Materials provided START

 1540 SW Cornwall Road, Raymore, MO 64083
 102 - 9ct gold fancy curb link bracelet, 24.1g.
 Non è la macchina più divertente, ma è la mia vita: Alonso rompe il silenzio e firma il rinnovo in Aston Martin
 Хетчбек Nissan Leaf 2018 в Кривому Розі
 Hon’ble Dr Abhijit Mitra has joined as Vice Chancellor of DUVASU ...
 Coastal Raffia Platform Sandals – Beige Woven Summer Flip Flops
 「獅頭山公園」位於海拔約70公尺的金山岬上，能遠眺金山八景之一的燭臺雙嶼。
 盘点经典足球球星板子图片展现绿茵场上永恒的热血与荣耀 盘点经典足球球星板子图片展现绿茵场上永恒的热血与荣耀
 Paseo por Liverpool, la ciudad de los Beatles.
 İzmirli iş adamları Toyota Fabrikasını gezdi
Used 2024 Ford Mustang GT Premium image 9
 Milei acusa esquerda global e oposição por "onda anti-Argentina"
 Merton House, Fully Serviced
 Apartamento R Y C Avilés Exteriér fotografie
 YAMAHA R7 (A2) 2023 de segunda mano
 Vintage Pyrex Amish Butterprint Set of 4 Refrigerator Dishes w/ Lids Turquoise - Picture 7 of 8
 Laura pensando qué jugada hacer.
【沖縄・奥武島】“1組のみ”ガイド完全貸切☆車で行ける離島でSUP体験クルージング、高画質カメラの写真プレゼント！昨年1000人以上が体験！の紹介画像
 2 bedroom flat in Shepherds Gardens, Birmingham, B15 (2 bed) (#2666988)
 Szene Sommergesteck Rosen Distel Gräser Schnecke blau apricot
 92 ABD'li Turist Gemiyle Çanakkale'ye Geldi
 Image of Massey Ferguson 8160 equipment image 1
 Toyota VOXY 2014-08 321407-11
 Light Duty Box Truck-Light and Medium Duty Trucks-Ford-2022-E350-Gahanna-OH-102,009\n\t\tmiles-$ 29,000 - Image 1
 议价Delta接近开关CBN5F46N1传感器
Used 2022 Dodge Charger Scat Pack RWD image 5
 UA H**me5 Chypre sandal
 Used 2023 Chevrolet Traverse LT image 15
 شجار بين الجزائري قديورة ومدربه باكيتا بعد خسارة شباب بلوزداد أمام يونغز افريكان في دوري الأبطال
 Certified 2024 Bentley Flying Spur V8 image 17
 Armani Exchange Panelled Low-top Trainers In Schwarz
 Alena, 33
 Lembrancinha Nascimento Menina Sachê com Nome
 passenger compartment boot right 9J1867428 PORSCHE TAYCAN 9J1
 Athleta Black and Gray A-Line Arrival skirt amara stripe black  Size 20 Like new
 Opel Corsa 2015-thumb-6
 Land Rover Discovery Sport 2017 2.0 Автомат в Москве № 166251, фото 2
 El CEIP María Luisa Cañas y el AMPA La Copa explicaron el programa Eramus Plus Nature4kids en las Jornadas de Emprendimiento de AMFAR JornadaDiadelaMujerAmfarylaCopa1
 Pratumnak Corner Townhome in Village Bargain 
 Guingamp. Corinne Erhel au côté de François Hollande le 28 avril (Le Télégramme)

Materials provided END

Your assignment » Your task is to retype all the records above with nothing left out.

Expected answer »
 1540 SW Cornwall Road, Raymore, MO 64083
 102 - 9ct gold fancy curb link bracelet, 24.1g.
 Non è la macchina più divertente, ma è la mia vita: Alonso rompe il silenzio e firma il rinnovo in Aston Martin
 Хетчбек Nissan Leaf 2018 в Кривому Розі
 Hon’ble Dr Abhijit Mitra has joined as Vice Chancellor of DUVASU ...
 Coastal Raffia Platform Sandals – Beige Woven Summer Flip Flops
 「獅頭山公園」位於海拔約70公尺的金山岬上，能遠眺金山八景之一的燭臺雙嶼。
 盘点经典足球球星板子图片展现绿茵场上永恒的热血与荣耀 盘点经典足球球星板子图片展现绿茵场上永恒的热血与荣耀
 Paseo por Liverpool, la ciudad de los Beatles.
 İzmirli iş adamları Toyota Fabrikasını gezdi
Used 2024 Ford Mustang GT Premium image 9
 Milei acusa esquerda global e oposição por "onda anti-Argentina"
 Merton House, Fully Serviced
 Apartamento R Y C Avilés Exteriér fotografie
 YAMAHA R7 (A2) 2023 de segunda mano
 Vintage Pyrex Amish Butterprint Set of 4 Refrigerator Dishes w/ Lids Turquoise - Picture 7 of 8
 Laura pensando qué jugada hacer.
【沖縄・奥武島】“1組のみ”ガイド完全貸切☆車で行ける離島でSUP体験クルージング、高画質カメラの写真プレゼント！昨年1000人以上が体験！の紹介画像
 2 bedroom flat in Shepherds Gardens, Birmingham, B15 (2 bed) (#2666988)
 Szene Sommergesteck Rosen Distel Gräser Schnecke blau apricot
 92 ABD'li Turist Gemiyle Çanakkale'ye Geldi
 Image of Massey Ferguson 8160 equipment image 1
 Toyota VOXY 2014-08 321407-11
 Light Duty Box Truck-Light and Medium Duty Trucks-Ford-2022-E350-Gahanna-OH-102,009\n\t\tmiles-$ 29,000 - Image 1
 议价Delta接近开关CBN5F46N1传感器
Used 2022 Dodge Charger Scat Pack RWD image 5
 UA H**me5 Chypre sandal
 Used 2023 Chevrolet Traverse LT image 15
 شجار بين الجزائري قديورة ومدربه باكيتا بعد خسارة شباب بلوزداد أمام يونغز افريكان في دوري الأبطال
 Certified 2024 Bentley Flying Spur V8 image 17
 Armani Exchange Panelled Low-top Trainers In Schwarz
 Alena, 33
 Lembrancinha Nascimento Menina Sachê com Nome
 passenger compartment boot right 9J1867428 PORSCHE TAYCAN 9J1
 Athleta Black and Gray A-Line Arrival skirt amara stripe black  Size 20 Like new
 Opel Corsa 2015-thumb-6
 Land Rover Discovery Sport 2017 2.0 Автомат в Москве № 166251, фото 2
 El CEIP María Luisa Cañas y el AMPA La Copa explicaron el programa Eramus Plus Nature4kids en las Jornadas de Emprendimiento de AMFAR JornadaDiadelaMujerAmfarylaCopa1
 Pratumnak Corner Townhome in Village Bargain 
 Guingamp. Corinne Erhel au côté de François Hollande le 28 avril (Le Télégramme)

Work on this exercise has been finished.